Today, I’d whole-heartedly (and often do) puppet my father’s advice to anyone who asks or will listen. If you can help it, it’s probably best if you don’t go into debt. When in doubt, don’t do it. As I said, though, I screwed that up a long time ago. I had a (then-current-generation) corvette well before I was 25. I had a Shelby GT500. I sold both at a loss. I even (to this day) have a signature loan in my name that I took out JUST TO COVER THE NEGATIVE EQUITY when I sold the car for nothing.

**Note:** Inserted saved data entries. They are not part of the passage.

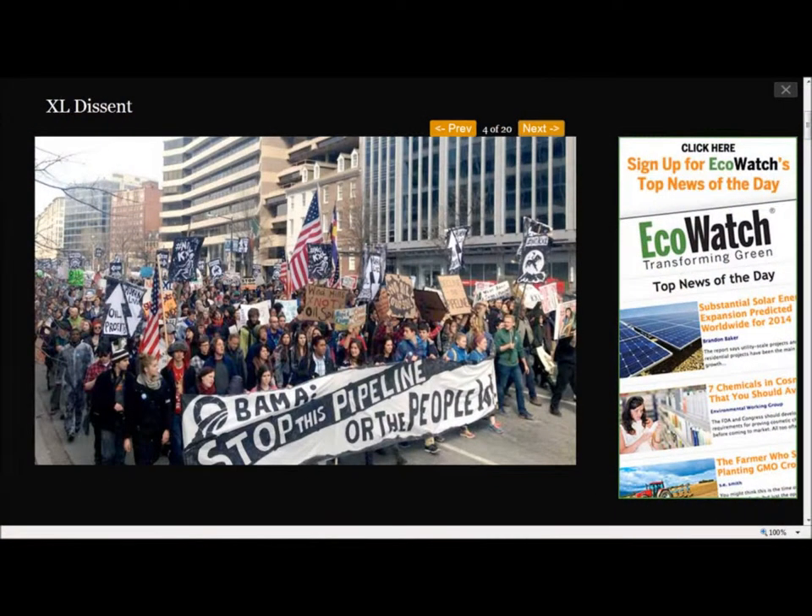These people who are willing to put themselves on the line are real heroes because our leaders do not understand the importance of this, said James Hansen yesterday about XL Dissent while speaking at the University of Oregon's environmental law conference. For them to rule that there's no environmental impact is pure scientific garbage.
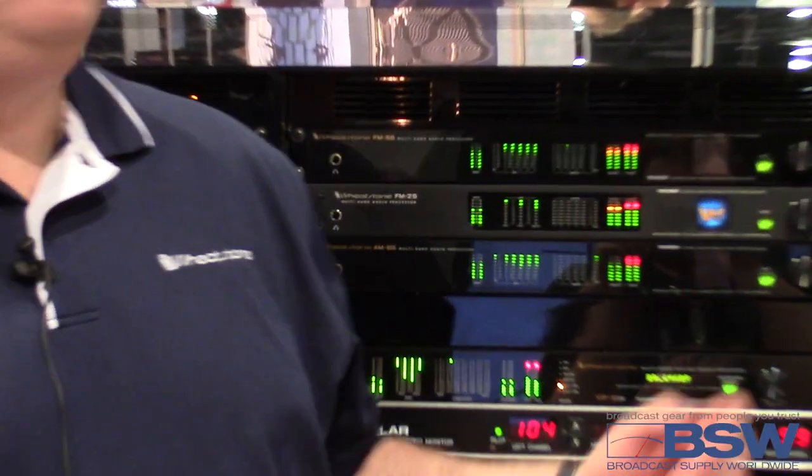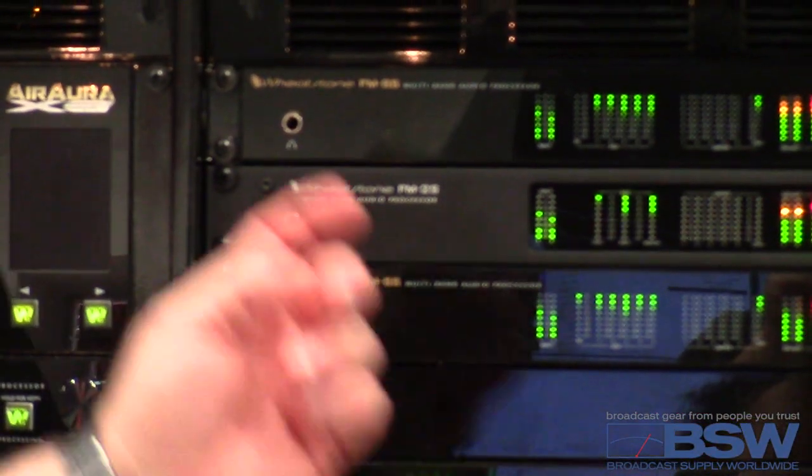It has an intelligent AGC, also known as IAGC, plus a two-band leveler and compressor and a five-band limiter.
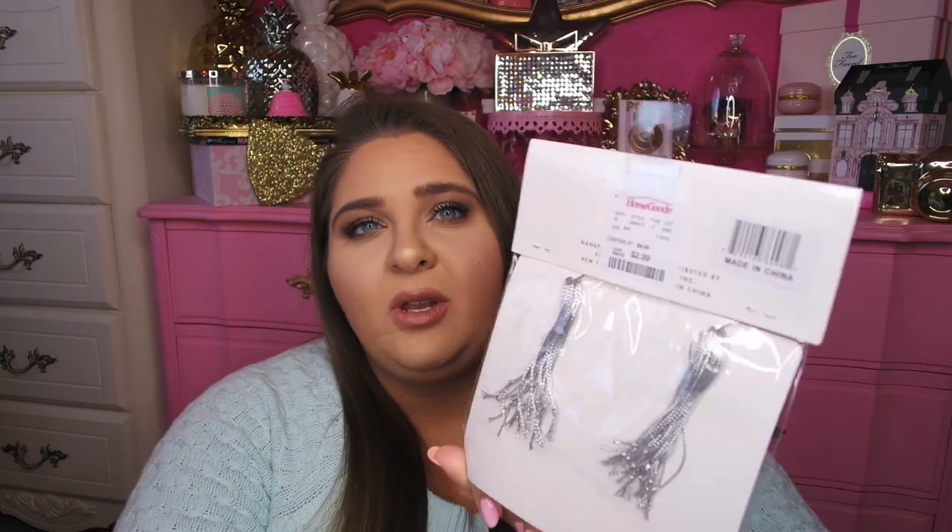These ones are really cute as well — we actually thought we might use these in our scrapbooks. These say 'happily ever after' in silver foil lettering, and they are pink and white striped tags with little silver strings. You don't have to use them just for gift tags; you can also use them for scrapbooking or stationery or whatever you want. They were only $2.99 for 24, so that's a really good deal.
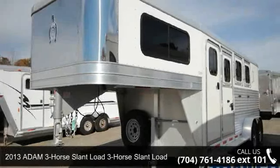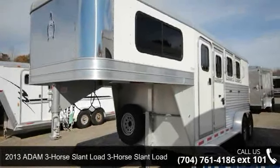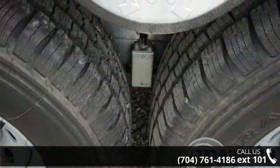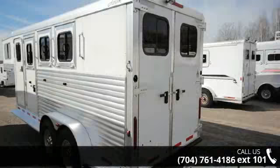Presenting the 2013 Atom 3 Horse Slant Load. If you are looking for a quality trailer, consider this one. This unit is priced just right and comes equipped with many desirable features.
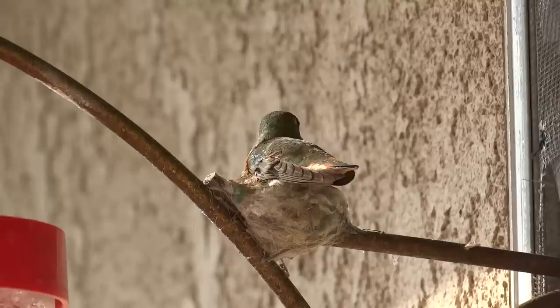There it is. She's slowly building that nest up. I didn't know in the beginning what she was doing until, of course, it started to look like something.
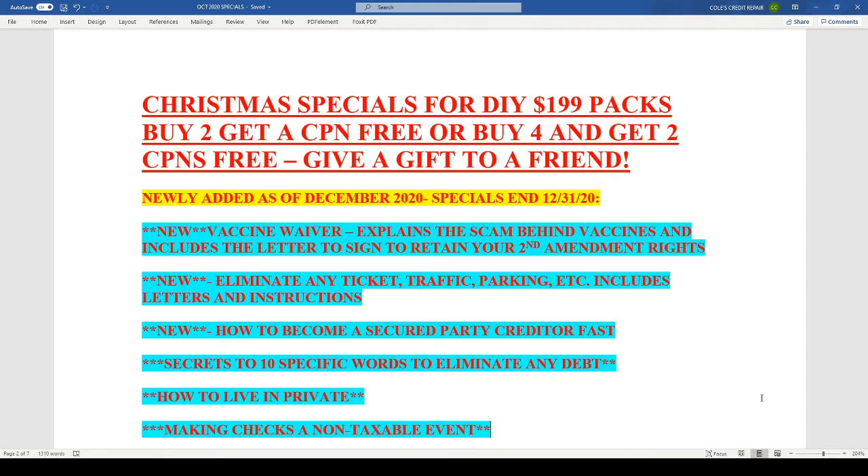I will discuss this in a brand new video, so be sure to look for that — we'll be posting it very soon, probably tonight. But that's going to be a brand new service. So our Christmas special is: buy two do-it-yourself packages and get a CPN for free, or buy four packages and get two free — so you and your friend can both have a CPN. This is a buildable CPN where, if paid within 24 hours, we will give you the list of companies to apply to get the credit you need to build this CPN and get a credit score and credit history.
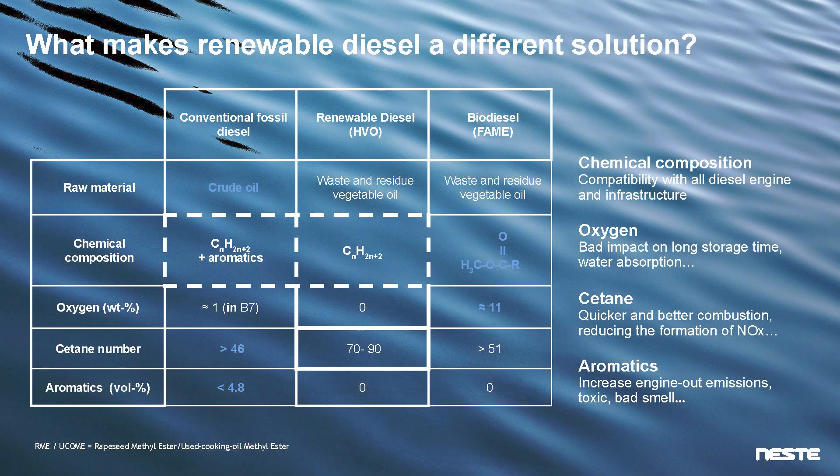If you look at the chemical composition, renewable diesel or HVO100 is basically a chemical copy of fossil diesel, but it has no aromatics. Aromatics are bad for you — they're carcinogenic and they cause smoke. So it's a positive to not have those aromatics. You could say it's a premium product compared to fossil diesel.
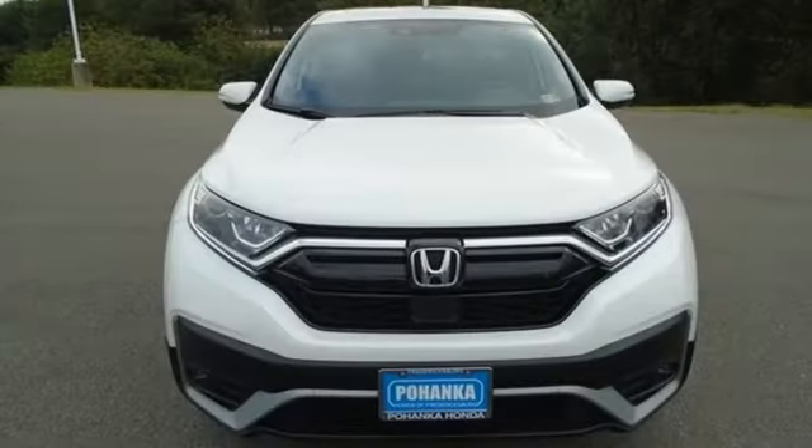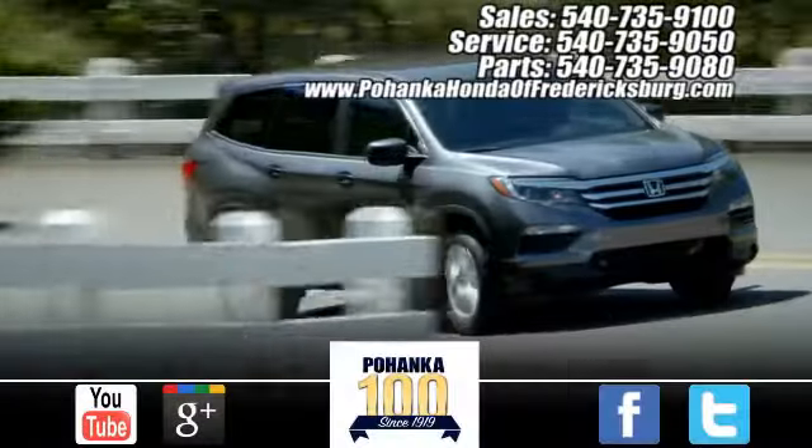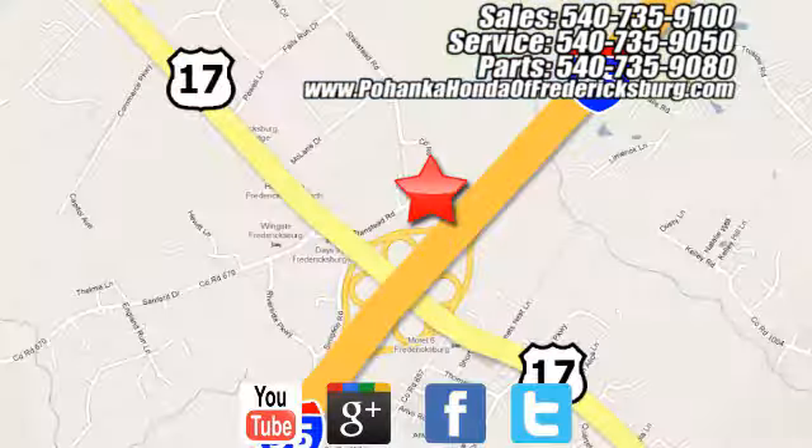Honda's created some of the most admired vehicles on the planet. Hurry in today for a test drive. Bohanka Honda of Fredericksburg is a great place to buy a car, conveniently located at 60 South Gateway Drive in Fredericksburg.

I’ve always been a fairly-intelligent person- or at least “book-smart.” I’m not trying to brag or anything, it’s just the way it is. I’m fat and can’t skateboard, if that makes you feel better. There’s usually a trade off somewhere. Anyway, let’s assume I’m a smart guy. I coasted through high school and got A’s, not paying a lot of attention. I was bored. I never really figured out what I wanted to do with my life because I hadn’t been challenged or bothered to think about it (plus I was an 18 year old kid). I read car magazines in class and, eventually, modified and street raced my cars (Remember: book-smart. No common sense). I signed up for votech in my junior year because I was bored- and because votech kids only had three hours of class in the morning and then got to go work on cars or weld or do nails or whatever it is they’re into. I was pretty good working on cars. I got sent to a state-wide auto diagnostic competition my senior year. My partner and I took 3rd place. Wyotech automotive school gave me a full-tuition scholarship. I didn’t have anything better to do after high school, so I went with it. All I’d have to do is get a loan to pay for my living expenses in Pennsylvania for a year.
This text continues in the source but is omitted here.